TOP Ö 5: Darlegung der Fallzahlen der Bezirkssozialarbeit - Anregung der Kreisräte Greithanner und Oellerer in der Sitzung des Kreistages am 14.05.2018

Beschluss: einstimmig angenommen

An der Beratung nahmen teil:

Dr. Monika Wilken, Mitarbeiterin Abteilung 6, Jugend, Familie und Demografie

 

Christian Salberg, Abteilungsleitung 6, Jugend, Familie und Demografie

Herr Salberg führt kurz ein und übergibt das Wort an Frau Dr. Wilken, die den Sachverhalt anhand einer Präsentation (Anlage 2 zum Protokoll) erläutert.

Das Ergebnis einer Personalbemessung war, dass aktuell eine weitere 1,0 VZÄ aus dem Stellenplan benötigt werde. Die Stelle sei bereits ausgeschrieben und soll noch im Herbst dieses Jahres besetzt werden. Die erforderlichen Personalausgaben seien im Budget 2019 eingeplant.

Der Vorsitzende erklärt, da die Stelle bereits im Stellenplan enthalten sei, wurde, um Missverständnisse zu vermeiden, der Beschlussvorschlag wie folgt: „(..) die Besetzung der vorhandenen (..)“ umformuliert.

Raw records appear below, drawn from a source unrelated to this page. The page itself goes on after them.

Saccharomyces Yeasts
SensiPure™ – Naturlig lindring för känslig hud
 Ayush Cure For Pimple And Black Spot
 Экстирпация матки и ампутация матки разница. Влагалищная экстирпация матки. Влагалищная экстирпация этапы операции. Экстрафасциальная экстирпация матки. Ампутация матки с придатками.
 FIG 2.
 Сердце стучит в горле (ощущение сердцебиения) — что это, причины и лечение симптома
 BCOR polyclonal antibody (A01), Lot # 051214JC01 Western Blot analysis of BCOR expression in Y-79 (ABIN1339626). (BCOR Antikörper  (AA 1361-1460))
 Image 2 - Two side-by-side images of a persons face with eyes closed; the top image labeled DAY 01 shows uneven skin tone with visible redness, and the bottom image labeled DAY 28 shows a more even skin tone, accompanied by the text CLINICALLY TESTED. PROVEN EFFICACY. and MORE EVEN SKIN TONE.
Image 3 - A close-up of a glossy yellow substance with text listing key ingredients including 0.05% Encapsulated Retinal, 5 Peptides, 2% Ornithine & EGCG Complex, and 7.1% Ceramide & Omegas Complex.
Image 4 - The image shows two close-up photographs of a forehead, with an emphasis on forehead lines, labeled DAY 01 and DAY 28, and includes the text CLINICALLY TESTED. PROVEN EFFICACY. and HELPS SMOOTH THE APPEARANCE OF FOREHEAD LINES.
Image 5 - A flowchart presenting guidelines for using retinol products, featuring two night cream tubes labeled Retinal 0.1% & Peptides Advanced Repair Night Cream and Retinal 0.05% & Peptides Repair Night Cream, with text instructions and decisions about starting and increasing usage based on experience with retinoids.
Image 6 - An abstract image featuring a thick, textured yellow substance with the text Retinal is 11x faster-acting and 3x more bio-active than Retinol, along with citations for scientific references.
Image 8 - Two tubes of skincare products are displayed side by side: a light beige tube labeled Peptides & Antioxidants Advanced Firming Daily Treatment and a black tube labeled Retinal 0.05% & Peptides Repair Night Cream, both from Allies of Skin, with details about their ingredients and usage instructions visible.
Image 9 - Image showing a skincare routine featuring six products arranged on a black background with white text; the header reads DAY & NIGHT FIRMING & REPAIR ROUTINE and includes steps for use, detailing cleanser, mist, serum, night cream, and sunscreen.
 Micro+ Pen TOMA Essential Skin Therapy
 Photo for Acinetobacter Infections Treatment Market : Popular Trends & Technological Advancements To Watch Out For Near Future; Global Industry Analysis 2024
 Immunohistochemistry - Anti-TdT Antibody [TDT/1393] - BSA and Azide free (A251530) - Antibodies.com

Herr Michael Nerreter sehe als Hauptproblem in der Bezirkssozialarbeit die Dokumentation, denn das „Wie“ sei nicht klar geregelt.

KR Franz Greithanner bedankt sich für die Ausarbeitung seiner Anfrage, allerdings sehe er seine Frage, „Wie ist die tatsächliche Zahlensituation bei den Bezirkssozialarbeitern?“, als noch nicht beantwortet an.

Herr Salberg erklärt, es sei schwierig, dies anhand von Zahlen darzustellen, denn die Fälle seien unterschiedlich zeitintensiv.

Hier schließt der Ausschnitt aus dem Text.